» **Available data**:
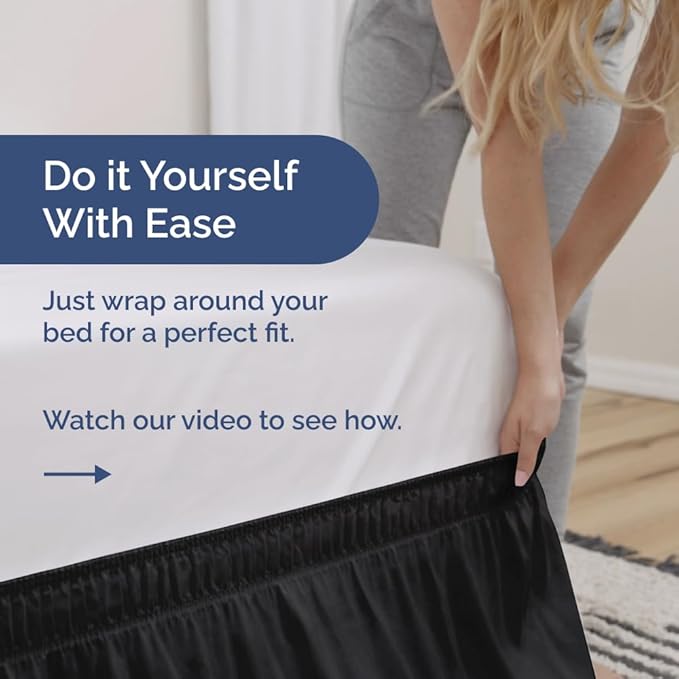 Wrap Around Dust Ruffle Bed Skirt - Black - for King Size Beds w/ 14 Inch Drop - Easy Fit Elastic Strap - Adjustable Pleated Bedskirt w/Brushed Fabric, Wrinkle & Fade Free Women, Men, Kids & Teens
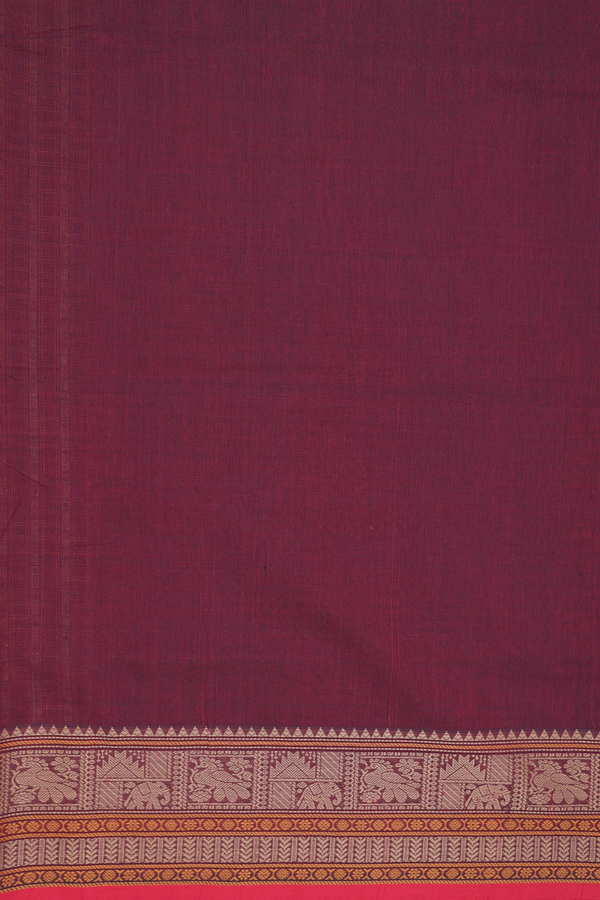 Coimbatore Cotton Saree In Maroon With Checks Design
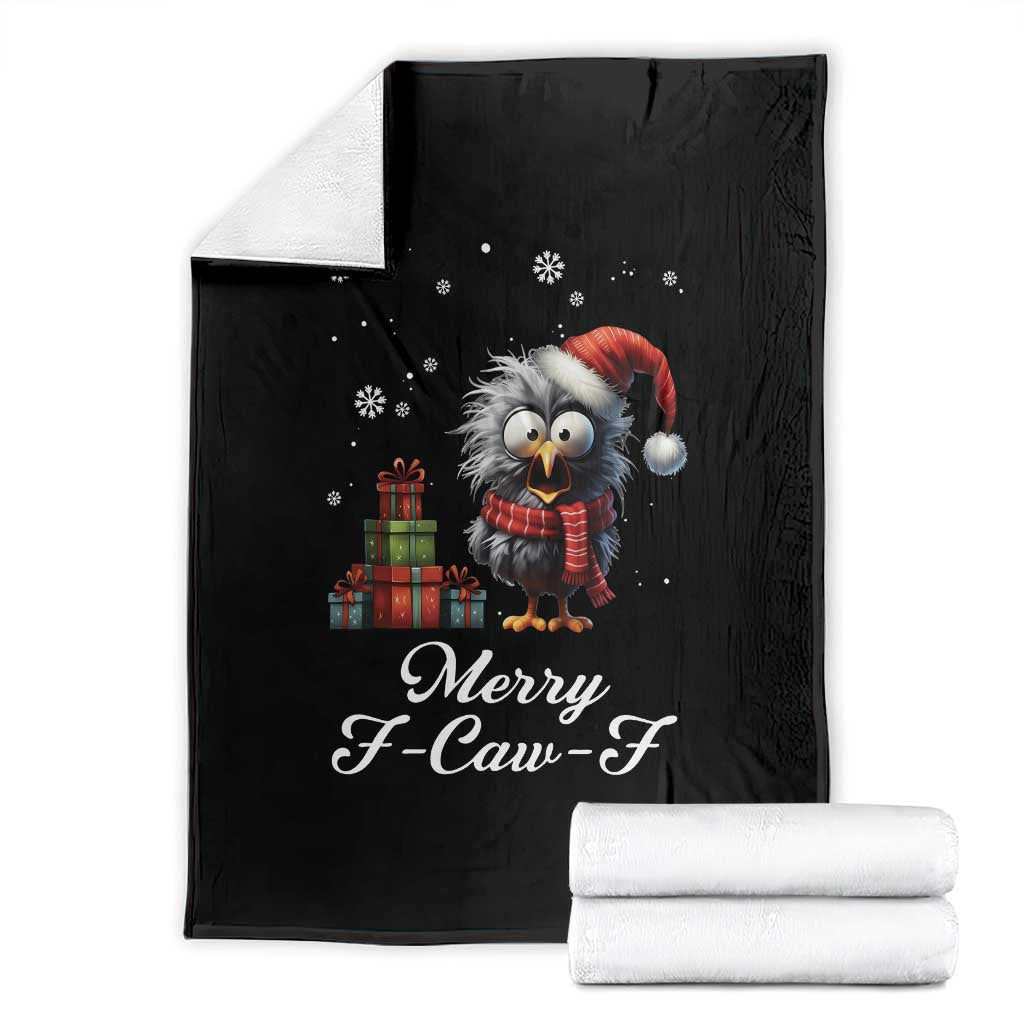 Merry F Caw F Raven Lover Throw Blanket Funny Christmas Gift - Print Your Wear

» **Instructions for the task**: Please output each line above exactly and omit all images.

» **Result of the exercise**:
 Wrap Around Dust Ruffle Bed Skirt - Black - for King Size Beds w/ 14 Inch Drop - Easy Fit Elastic Strap - Adjustable Pleated Bedskirt w/Brushed Fabric, Wrinkle & Fade Free Women, Men, Kids & Teens
 Coimbatore Cotton Saree In Maroon With Checks Design
 Merry F Caw F Raven Lover Throw Blanket Funny Christmas Gift - Print Your Wear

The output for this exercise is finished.